### [AIM OF THE EXERCISE]
Please write the listing below out again exactly, leaving every picture behind.

### [THE DATA]
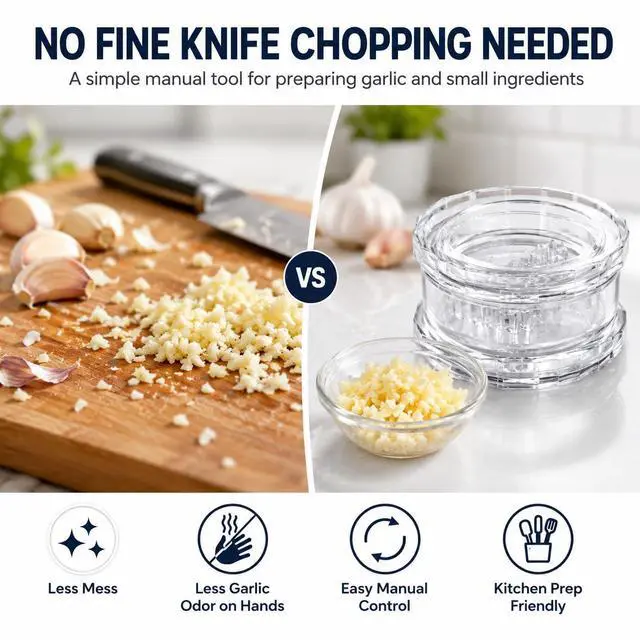 Alt view image 2 of 7 - Manual Garlic Twister Mincer Tool, Garlic Chopper, Garlic Crusher & Garlic Press Alternative for Garlic, Ginger, Onion, Herbs and Nuts, Hand Twist Food Prep Tool, Manual Kitchen Gadget2PCS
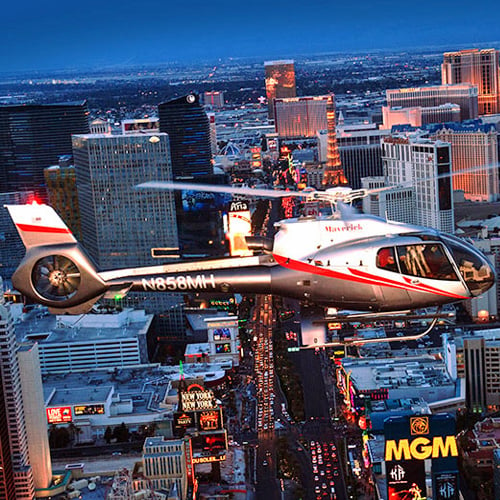 Food and Helicopter Tour at Night in Las Vegas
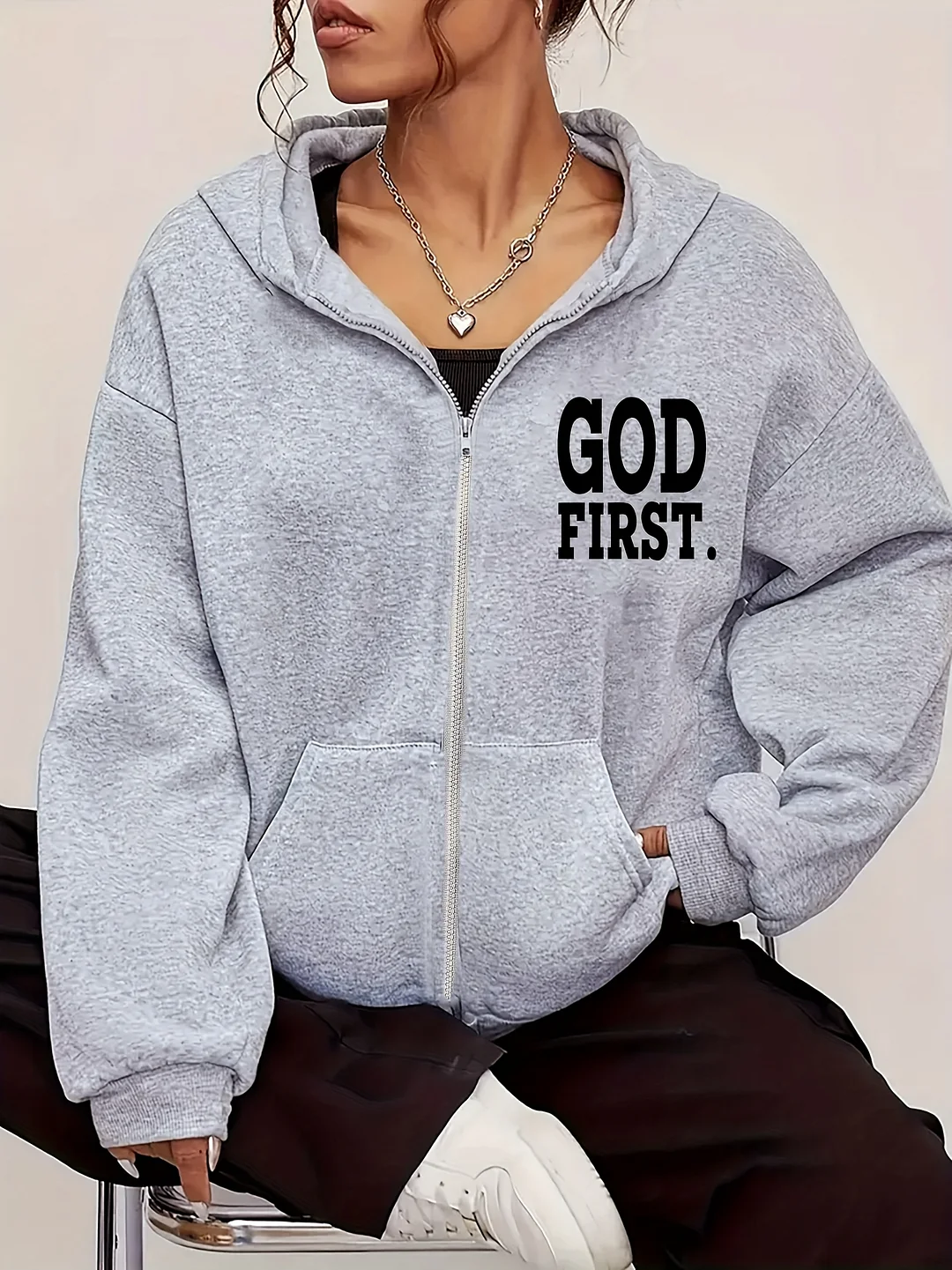 1pc Women's Casual "God First" Print Hoodie, Polyester Knit Fabric With Slight Stretch, All-Season Zip-Up Jacket With Kangaroo Pocket | IFYHOME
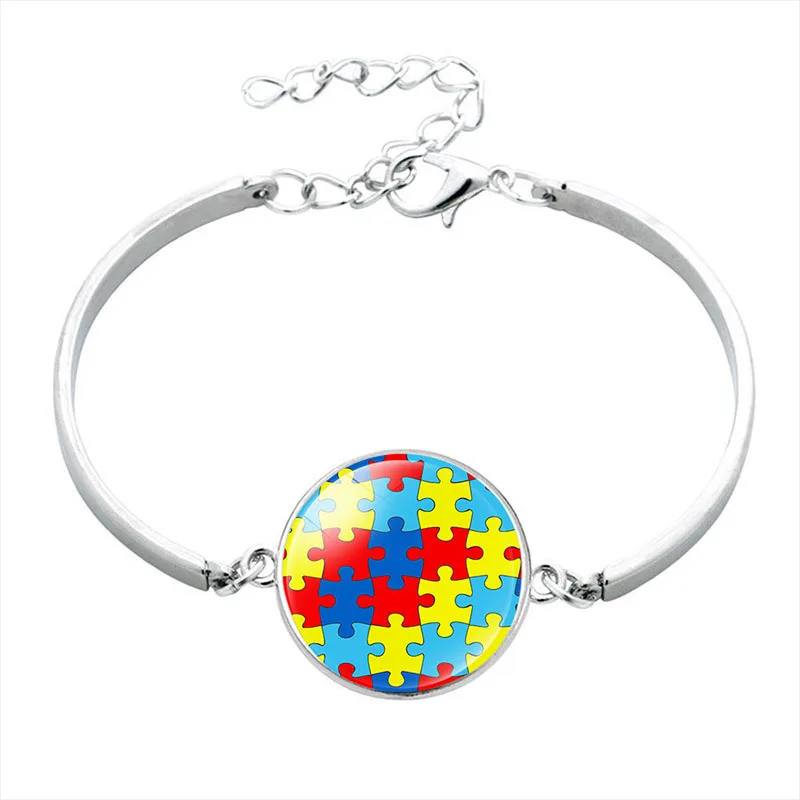 Autism Awareness Charm Bangle Bracelet Alloy Bracelets Girl Jewelry | Украшения и аксессуары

### [REPLY TO THE EXERCISE]
 Alt view image 2 of 7 - Manual Garlic Twister Mincer Tool, Garlic Chopper, Garlic Crusher & Garlic Press Alternative for Garlic, Ginger, Onion, Herbs and Nuts, Hand Twist Food Prep Tool, Manual Kitchen Gadget2PCS
 Food and Helicopter Tour at Night in Las Vegas
 1pc Women's Casual "God First" Print Hoodie, Polyester Knit Fabric With Slight Stretch, All-Season Zip-Up Jacket With Kangaroo Pocket | IFYHOME
 Autism Awareness Charm Bangle Bracelet Alloy Bracelets Girl Jewelry | Украшения и аксессуары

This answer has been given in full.